The multi-talented artist Theo van Doesburg is considered the founder of de Stijl, which is Dutch for “the style” (and is pronounced about the same way), but he isn’t the only member. He met Pieter “Piet” Mondrian in Amsterdam around 1915, and they worked together to refine the aesthetic. Van Doesburg remained the most active and vocal member of the group and wrote a manifesto in which he outlined the philosophy behind the movement. He emphasized the idea of a universal style that everyone all around the world could use and that suppressed all natural forms and representations.
Below is an excellent example of the suppression of natural form. This painting, called “Composition VIII,” or “The Cow,” is the de Stijl artist’s interpretation of an actual cow.
Let’s take a look at the transition from natural to abstract using van Doesburg’s own study drawings for this actual painting. Interestingly, he was essentially working in reverse, starting with the naturalistic image and breaking it down to its fundamental geometric shapes.
He starts with a cow, simply enough:
In the next image, he breaks the cow’s form into several connected geometric primitives, or rectangles, triangles, and the hint of one or two squares. It looks like a cow:
In the next image, he’s taking the further step of reducing it even more and adding in solid blocks of basic color. Even though it’s more simplified, you can still see the essence of cow:
With the final composition, van Doesburg has disconnected the primitives so they essentially float next to one another. And while the representation may be lost as a result, you can at least see how he arrived at his conclusion, or really, at the beginning.
Piet Mondrian’s paintings are quintessential de Stijl in its purest form, or at least in terms of adhering most closely to the aesthetics. This is something he arrived at over many years. After meeting van Doesburg around 1915, he returned to Paris, France, where he was exposed to Cubism. Although identifying with the work, he felt that Cubism didn’t go far enough in reducing its forms to pure abstraction, as you see here:
This composition of Mondrian features asymmetry, where even the black lines in the composition are of different lengths.
He worked for many years in Paris, gradually refining his visual style until he arrived at something like this:
Notice the thick, black, straight lines on a white background with bold blocks of evenly, or carefully, positioned color.
De Stijl was not just an artistic style. It was also present in architecture and design, although not to the extent of movements such as Arts and Crafts, for example.

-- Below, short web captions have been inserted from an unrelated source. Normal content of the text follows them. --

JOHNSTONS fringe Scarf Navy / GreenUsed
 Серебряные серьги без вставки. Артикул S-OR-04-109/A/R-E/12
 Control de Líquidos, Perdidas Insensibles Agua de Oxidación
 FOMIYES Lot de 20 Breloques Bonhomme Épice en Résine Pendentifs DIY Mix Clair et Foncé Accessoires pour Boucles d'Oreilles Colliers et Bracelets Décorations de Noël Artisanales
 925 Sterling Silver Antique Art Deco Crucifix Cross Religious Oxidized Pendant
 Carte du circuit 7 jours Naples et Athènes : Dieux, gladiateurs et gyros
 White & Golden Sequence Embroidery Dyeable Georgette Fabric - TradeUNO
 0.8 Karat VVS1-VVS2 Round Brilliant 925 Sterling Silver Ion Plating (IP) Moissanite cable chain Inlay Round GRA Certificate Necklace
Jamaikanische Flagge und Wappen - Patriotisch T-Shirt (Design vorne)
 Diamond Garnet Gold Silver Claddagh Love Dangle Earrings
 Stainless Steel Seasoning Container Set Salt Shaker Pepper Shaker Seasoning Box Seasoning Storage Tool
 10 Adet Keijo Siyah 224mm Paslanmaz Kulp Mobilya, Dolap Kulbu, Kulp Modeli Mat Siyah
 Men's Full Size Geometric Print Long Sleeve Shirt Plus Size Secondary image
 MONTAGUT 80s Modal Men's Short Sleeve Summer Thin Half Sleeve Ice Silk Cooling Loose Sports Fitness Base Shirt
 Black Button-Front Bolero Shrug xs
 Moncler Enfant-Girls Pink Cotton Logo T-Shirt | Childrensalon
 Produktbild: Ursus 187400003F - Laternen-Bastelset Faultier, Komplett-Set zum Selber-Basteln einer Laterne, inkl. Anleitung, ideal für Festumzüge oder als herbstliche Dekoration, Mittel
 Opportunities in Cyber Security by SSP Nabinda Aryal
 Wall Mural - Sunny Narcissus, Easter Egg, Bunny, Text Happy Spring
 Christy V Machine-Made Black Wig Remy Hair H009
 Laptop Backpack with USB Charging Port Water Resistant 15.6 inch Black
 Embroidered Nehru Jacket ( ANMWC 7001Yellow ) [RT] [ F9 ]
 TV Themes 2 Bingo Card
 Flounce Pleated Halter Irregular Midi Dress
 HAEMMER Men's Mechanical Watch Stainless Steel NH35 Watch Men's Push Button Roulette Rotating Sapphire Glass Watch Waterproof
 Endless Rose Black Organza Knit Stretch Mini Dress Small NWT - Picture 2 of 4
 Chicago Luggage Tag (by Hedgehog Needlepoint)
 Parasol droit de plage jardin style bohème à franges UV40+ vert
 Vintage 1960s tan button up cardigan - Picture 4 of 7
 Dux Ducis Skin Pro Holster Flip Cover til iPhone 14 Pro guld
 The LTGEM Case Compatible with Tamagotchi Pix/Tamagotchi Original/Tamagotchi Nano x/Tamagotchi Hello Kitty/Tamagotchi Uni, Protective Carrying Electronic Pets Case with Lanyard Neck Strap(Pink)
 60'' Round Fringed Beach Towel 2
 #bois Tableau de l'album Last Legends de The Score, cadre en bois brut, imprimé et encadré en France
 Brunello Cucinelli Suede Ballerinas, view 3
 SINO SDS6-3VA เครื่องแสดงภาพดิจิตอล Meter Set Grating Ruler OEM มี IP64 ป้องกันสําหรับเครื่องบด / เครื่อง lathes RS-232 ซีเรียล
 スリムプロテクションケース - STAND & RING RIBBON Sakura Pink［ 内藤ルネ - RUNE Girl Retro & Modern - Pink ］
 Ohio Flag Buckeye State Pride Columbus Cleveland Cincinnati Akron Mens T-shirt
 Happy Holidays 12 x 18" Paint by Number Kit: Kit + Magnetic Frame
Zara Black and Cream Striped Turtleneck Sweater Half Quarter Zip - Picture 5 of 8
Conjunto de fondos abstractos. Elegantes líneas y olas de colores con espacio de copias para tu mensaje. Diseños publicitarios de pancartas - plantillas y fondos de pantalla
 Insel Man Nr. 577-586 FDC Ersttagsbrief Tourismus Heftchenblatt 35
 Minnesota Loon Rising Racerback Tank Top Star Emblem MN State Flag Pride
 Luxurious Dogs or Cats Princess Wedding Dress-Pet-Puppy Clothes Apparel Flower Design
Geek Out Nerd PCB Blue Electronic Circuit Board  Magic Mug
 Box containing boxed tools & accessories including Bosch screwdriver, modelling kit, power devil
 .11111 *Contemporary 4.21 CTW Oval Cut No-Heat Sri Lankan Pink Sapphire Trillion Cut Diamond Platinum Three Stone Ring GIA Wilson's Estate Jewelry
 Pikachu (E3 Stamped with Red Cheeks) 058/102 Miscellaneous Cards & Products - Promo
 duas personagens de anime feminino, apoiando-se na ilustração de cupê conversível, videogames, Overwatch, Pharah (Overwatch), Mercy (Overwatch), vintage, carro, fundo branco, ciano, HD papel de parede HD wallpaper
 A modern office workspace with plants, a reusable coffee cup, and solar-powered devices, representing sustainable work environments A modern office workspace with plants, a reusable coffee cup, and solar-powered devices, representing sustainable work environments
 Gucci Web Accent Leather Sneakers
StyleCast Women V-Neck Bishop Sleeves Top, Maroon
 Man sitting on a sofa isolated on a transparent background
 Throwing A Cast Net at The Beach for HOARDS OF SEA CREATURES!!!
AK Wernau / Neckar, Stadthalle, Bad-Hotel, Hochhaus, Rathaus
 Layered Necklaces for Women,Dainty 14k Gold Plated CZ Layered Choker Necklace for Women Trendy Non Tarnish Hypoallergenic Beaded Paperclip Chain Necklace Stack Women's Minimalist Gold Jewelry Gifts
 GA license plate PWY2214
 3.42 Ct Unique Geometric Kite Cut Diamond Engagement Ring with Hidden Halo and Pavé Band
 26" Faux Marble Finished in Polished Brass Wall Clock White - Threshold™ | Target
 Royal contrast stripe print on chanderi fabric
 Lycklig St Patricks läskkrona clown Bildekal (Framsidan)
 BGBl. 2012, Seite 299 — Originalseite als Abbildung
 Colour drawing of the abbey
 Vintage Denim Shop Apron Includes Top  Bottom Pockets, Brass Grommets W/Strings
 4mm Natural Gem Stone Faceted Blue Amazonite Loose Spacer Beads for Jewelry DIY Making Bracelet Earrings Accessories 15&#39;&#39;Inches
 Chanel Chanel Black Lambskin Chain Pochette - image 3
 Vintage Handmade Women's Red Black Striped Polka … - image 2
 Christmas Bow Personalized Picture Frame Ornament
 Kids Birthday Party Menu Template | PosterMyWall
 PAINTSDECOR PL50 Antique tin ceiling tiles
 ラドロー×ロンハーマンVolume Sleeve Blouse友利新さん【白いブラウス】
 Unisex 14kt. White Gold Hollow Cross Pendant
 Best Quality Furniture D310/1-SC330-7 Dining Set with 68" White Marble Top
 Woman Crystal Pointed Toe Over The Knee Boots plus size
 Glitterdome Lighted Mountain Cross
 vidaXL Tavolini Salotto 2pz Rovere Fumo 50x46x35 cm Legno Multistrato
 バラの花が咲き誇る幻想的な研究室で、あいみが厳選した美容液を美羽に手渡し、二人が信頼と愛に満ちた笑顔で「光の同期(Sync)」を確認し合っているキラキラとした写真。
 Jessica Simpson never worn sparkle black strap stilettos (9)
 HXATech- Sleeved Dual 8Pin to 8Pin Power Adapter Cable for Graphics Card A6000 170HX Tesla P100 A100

Gerrit Rietveld emerged as the most important figure in these areas and took the visual aesthetic of de Stijl to its three-dimensional conclusion.
One of his most iconic designs is the chair shown here, which recalls Mondrian’s paintings, but in three dimensions.
It’s a reduction of the chair’s basic elements, rectangular planes and solids, and painted in only four colors.
The Schröder House in Utrecht, Netherlands, is the only architectural example in which the final building is constructed entirely based on the de Stijl design principles.
This means from beginning to end, it’s completely de Stijl. The entire structure is composed of intersecting perpendicular and parallel, or rectilinear, lines and planes. The interior, which is not pictured, is not designed in the traditional sense with separate rooms, but rather as a dynamic open area that could be partitioned in numerous ways, with the exception of the restroom, thankfully, which was in its own area. The principles carried down to even the smallest elements, such as the window hinges, which allow them to be open only to 90 degrees, or a right angle.
Rietveld opened a studio on the lower level and, upon the passing of his wife, moved in with Mrs. Truus Schröder, living there until his own death in 1965. Mrs. Truus Schröder was the person who commissioned the project. She actually lived in the house until her own passing in 1985, roughly 60 years after the house was designed.